Si, las circunstancias son muy diferentes en un salón de clases. Es obvio que la OCDE lo sabe, la SEP lo conoce, los integrantes del INEE lo dominan, el meollo de este asunto está en ese espacio, esa laguna, esa disonancia, o como quiera usted llamarle, que se genera entre el planteamiento de las instancias mencionadas y lo que se vive en el aula.

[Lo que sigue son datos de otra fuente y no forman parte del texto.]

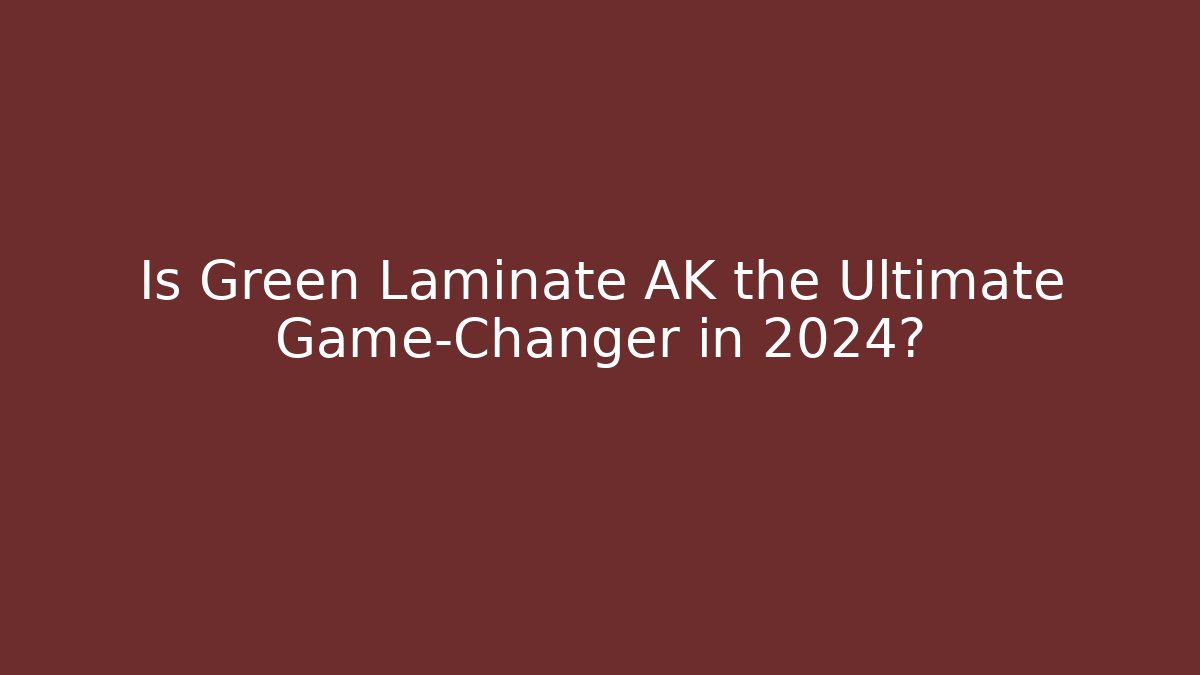 Is Green Laminate AK the Ultimate Game-Changer in 2024?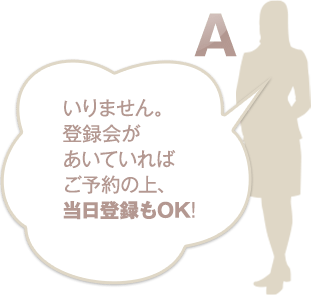 いりません。登録会が空いていればご予約の上、当日登録もOK！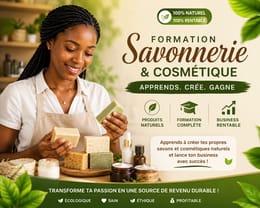 Formation Complète en Cosmétique et Savonnerie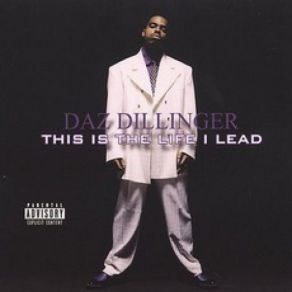 Download track This Is The Life I Lead Daz Dillinger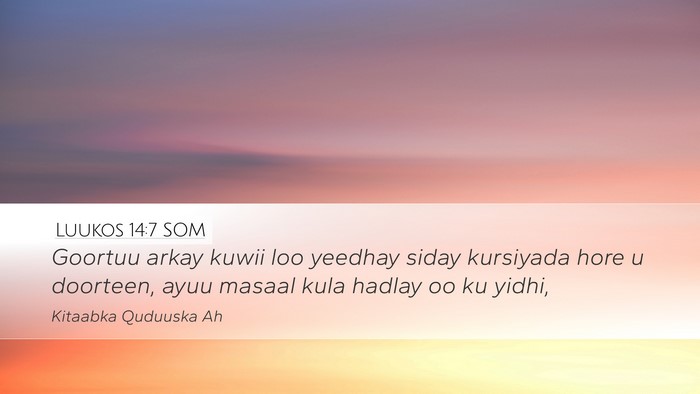 Luukos 14:7 SOM Desktop Wallpaper - Goortuu arkay kuwii loo yeedhay siday kursiyada - Desktop Bible Verse Wallpaper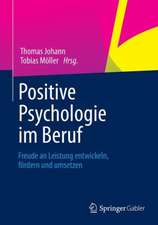 Positive Psychologie im Beruf: Freude an Leistung entwickeln, fördern und umsetzen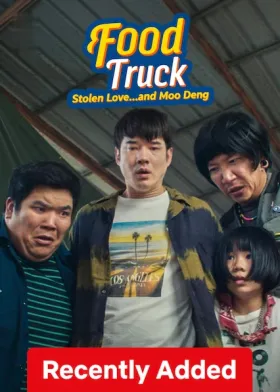 Food Truck: Stolen Love...and Moo Deng - Movie free on Castle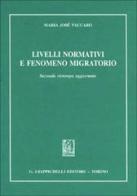 Livelli normativi e fenomeno migratorio di M. José Vaccaro edito da Giappichelli
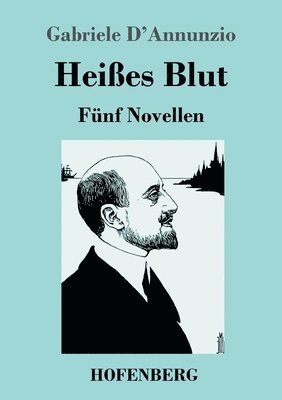 Gabriele D'Annunzio - Heißes Blut, Häftad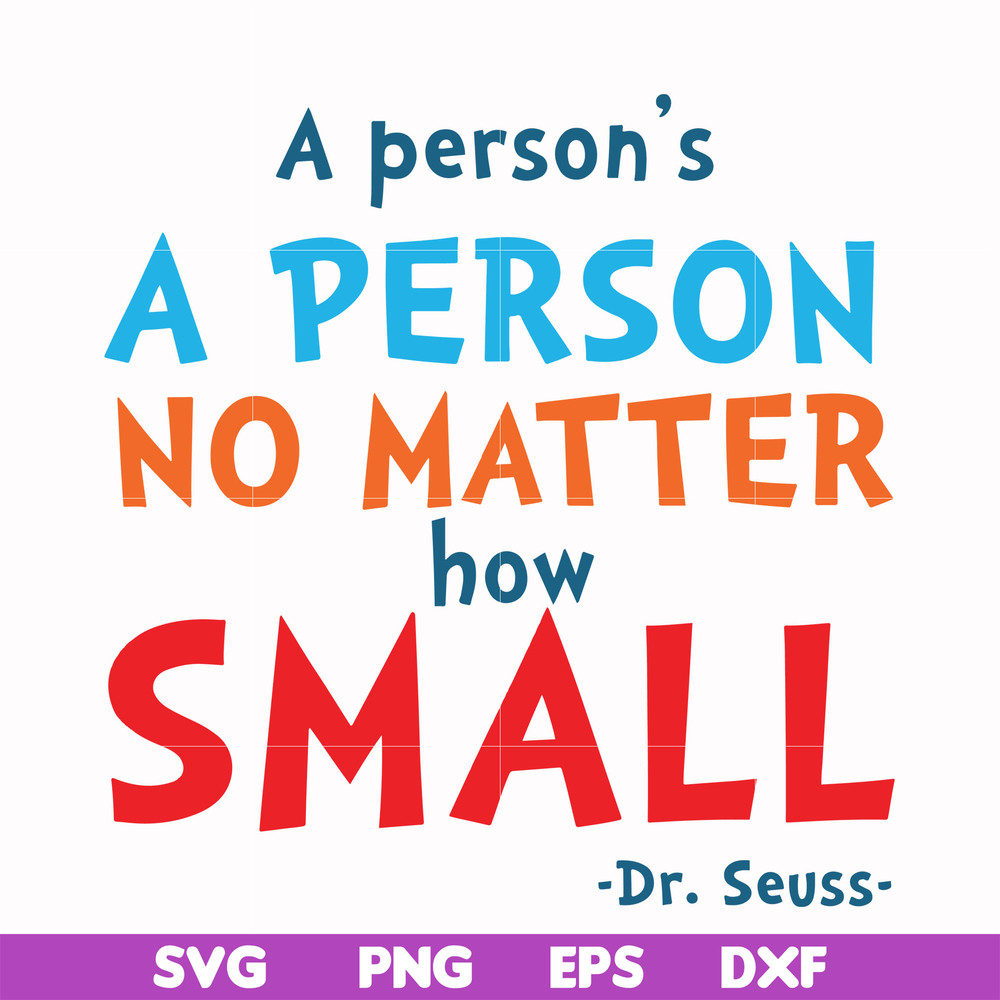 DR00091-A person's a person no matter how small svg, png, dxf, eps file DR00091.jpg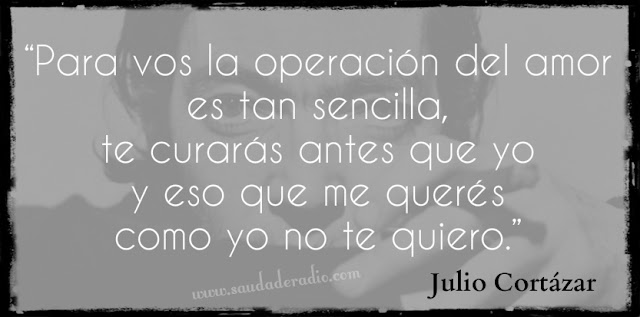 "Para vos la operación del amor es tan sencilla, te curarás antes que yo y eso que me querés como yo no te quiero." Julio Cortázar - Rayuela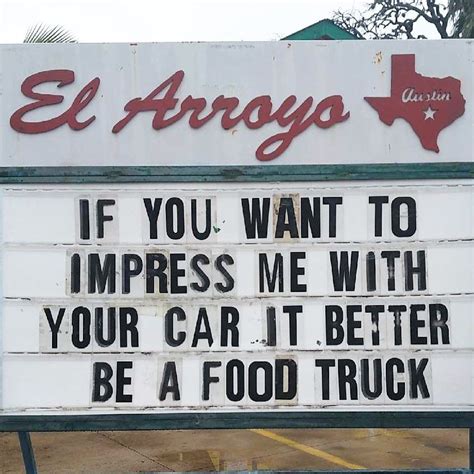 El Arroyo on Instagram: “#ElArroyoATX #ElArroyoSign” Message Board Quotes, Sign Quotes, Funny ...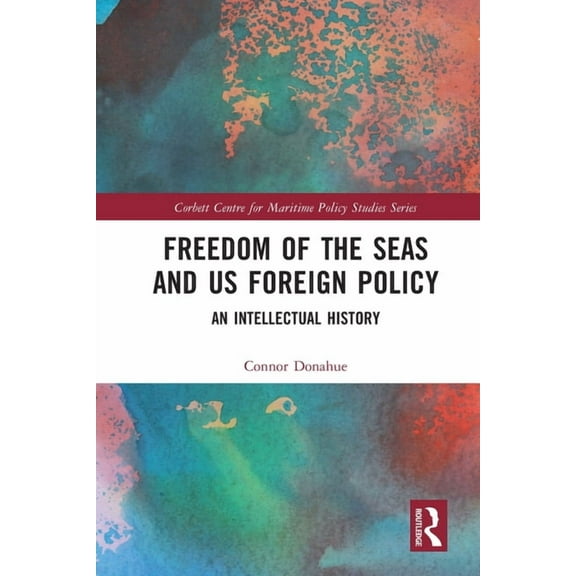 Corbett Centre for Maritime Policy Studi Freedom of the Seas and US Foreign Policy: An Intellectual History, (Paperback)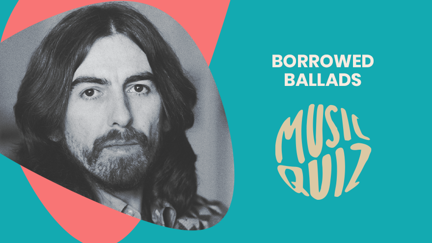 Borrowed Ballads Music Quiz
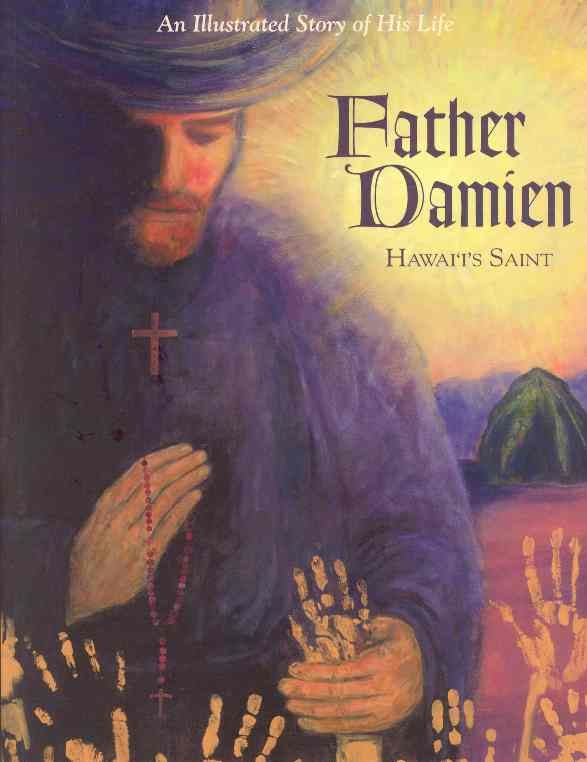 a biography josef de veuster or father damien By jan de volder foreword by john allen father damien famous for his missionary work with exiled lepers on the hawaiian island of molokai is finally saint damien his. a biography josef de veuster or father damien By jan de volder foreword by john allen father damien famous for his missionary work with exiled lepers on the hawaiian island of molokai is finally saint damien his.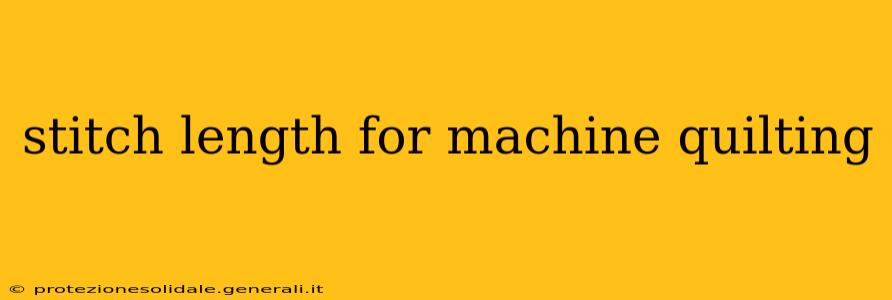 stitch length for machine quilting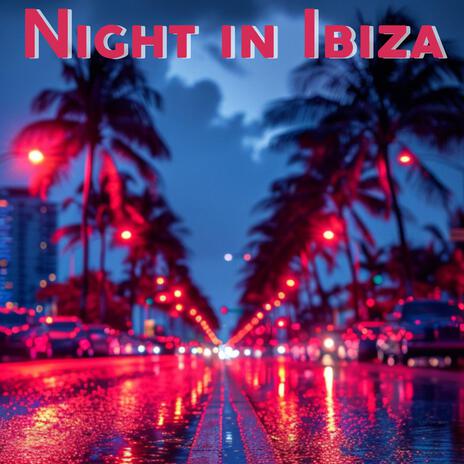 Ibiza Chillout Sessions | Boomplay Music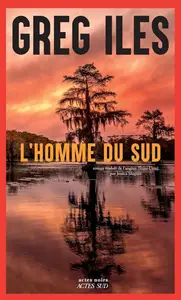 Greg Iles, "L'homme du Sud"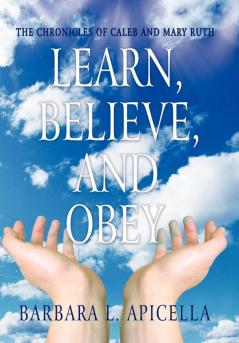 Learn Believe and Obey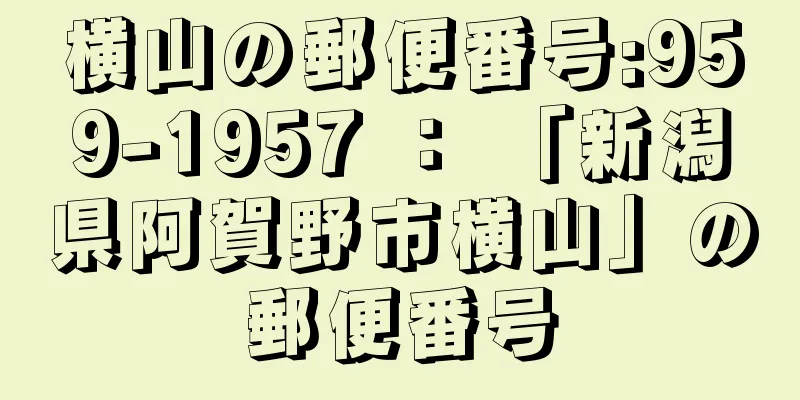 横山の郵便番号:959-1957 ： 「新潟県阿賀野市横山」の郵便番号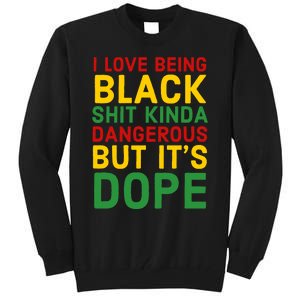 I Love Being Black It's Dope Afro Hair Black History Month Tall Sweatshirt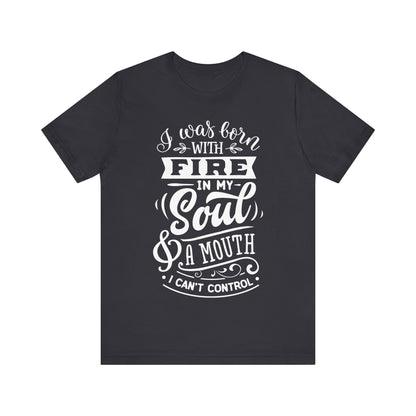 Fire in My Soul & a Mouth I Can’t Control – Sassy Sayings Collection Tee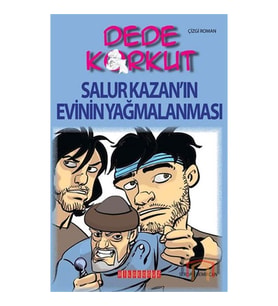 Dede Korkut - Salur Kazan'ın Evinin Yağmalanması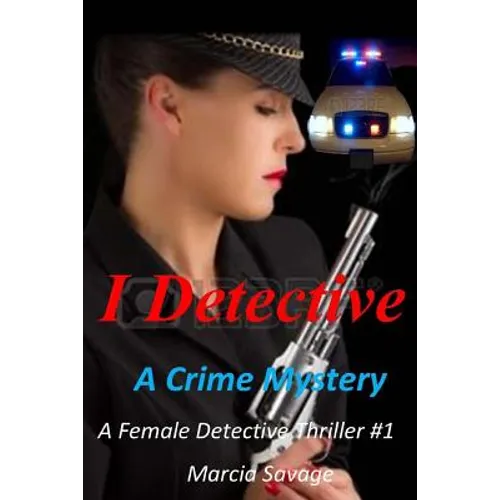 I Detective: A Crime Mystery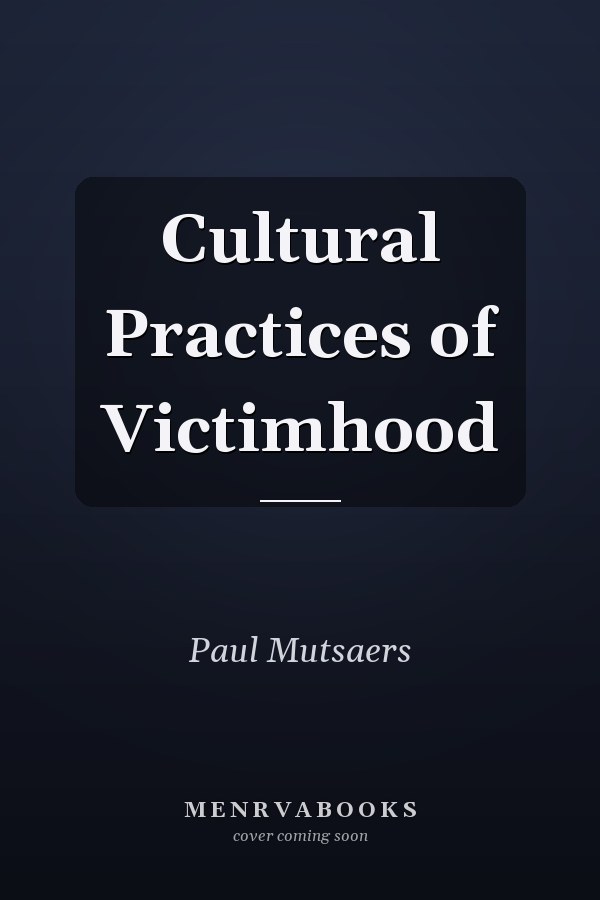 Cultural Practices of Victimhood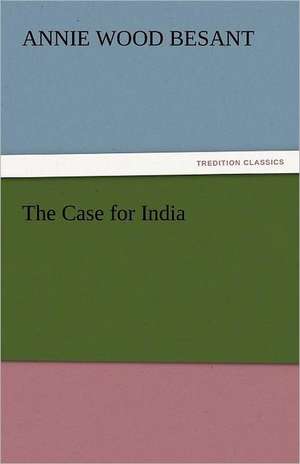 The Case for India de Annie Wood Besant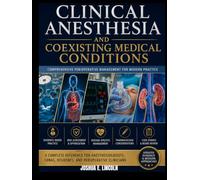 CLINICAL ANESTHESIA AND COEXISTING MEDICAL CONDITIONS: Comprehensive Perioperative Management for Modern Practice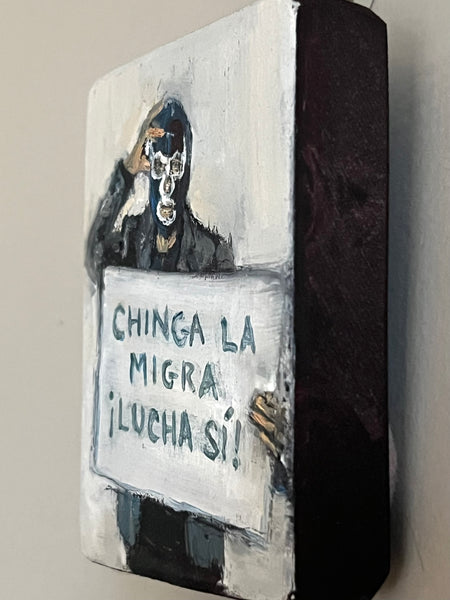 CHINGA LA MIGRA by artist Athanasia Nancy Koutsouflakis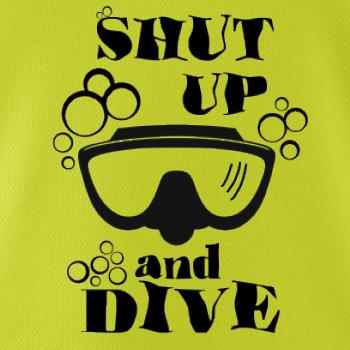 Shut up and dive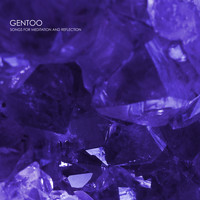 Gentoo - Songs for Meditation and Reflection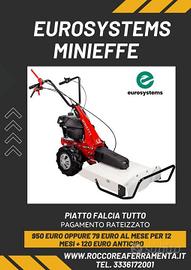 EUROSYSTEMS MINIEFFE CON PIATTO FALCIATUTTO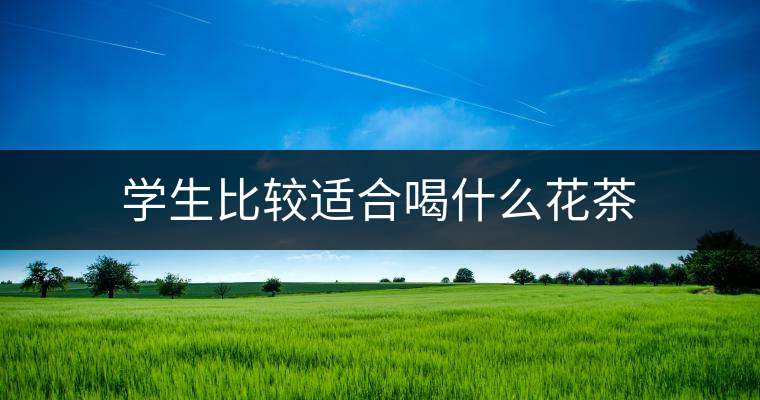 學(xué)生比較適合喝什么花茶 學(xué)生比較適合喝什么花茶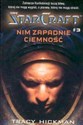 Starcraft 3 Nim zapadnie ciemność - Tracy Hickman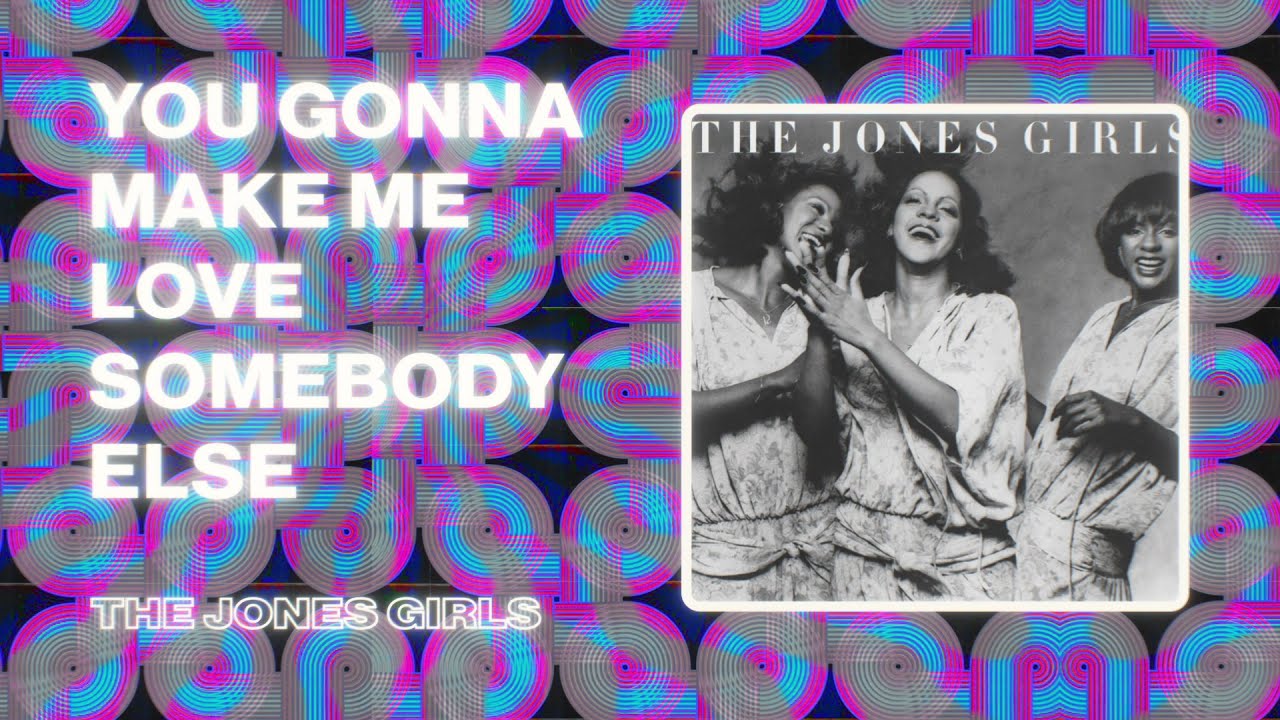 The Jones Girls - You Gonna Make Me Love Somebody Else (Official 12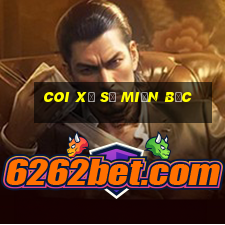 coi xổ số miền bắc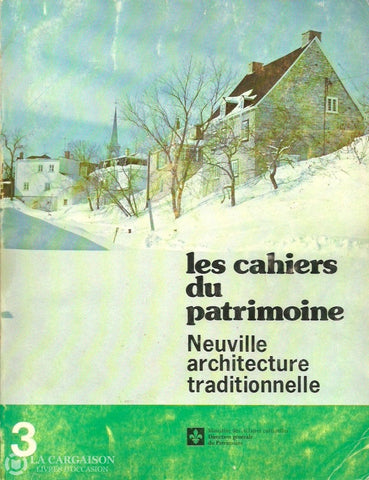 Neuville. Les Cahiers Du Patrimoine No. 3:  Neuville Architecture Traditionnelle Acceptable Livre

Finalizó mis ideas de esta semana no con pesadumbre, por el contrario, con un espíritu renovador, entusiasta, que solo los alumnos transmiten y que nos ofrece esta profesión, misma que me permite expresarle lo orgulloso que me siento de haber sido formado en escuelas públicas de este Sistema Educativo, en el que a través de las clases y orientaciones pedagógicas de mis maestros, pude formular mi propio criterio. Y comento esto, porque me parece inadecuada la idea final que planteó hace días el Subsecretario Granados, cuando cita a Voltaire en un artículo que publicó vía blog de Nexos (8/02/2016) titulada “El (falso) debate sobre Planea”: “cuando el fanatismo ha gangrenado el cerebro, la enfermedad es casi incurable”. Si cuestionar es una enfermedad, tengo que decirle al señor Subsecretario, que soy un loco, enfermo, que recuerda a un gran filósofo, Sócrates, quien antes que Voltaire expresaba: “no puedo enseñar nada a nadie; sólo puedo hacerles pensar”, y el pensamiento, es lo que genera el libre albedrío, la crítica informada, sustentada, razonada.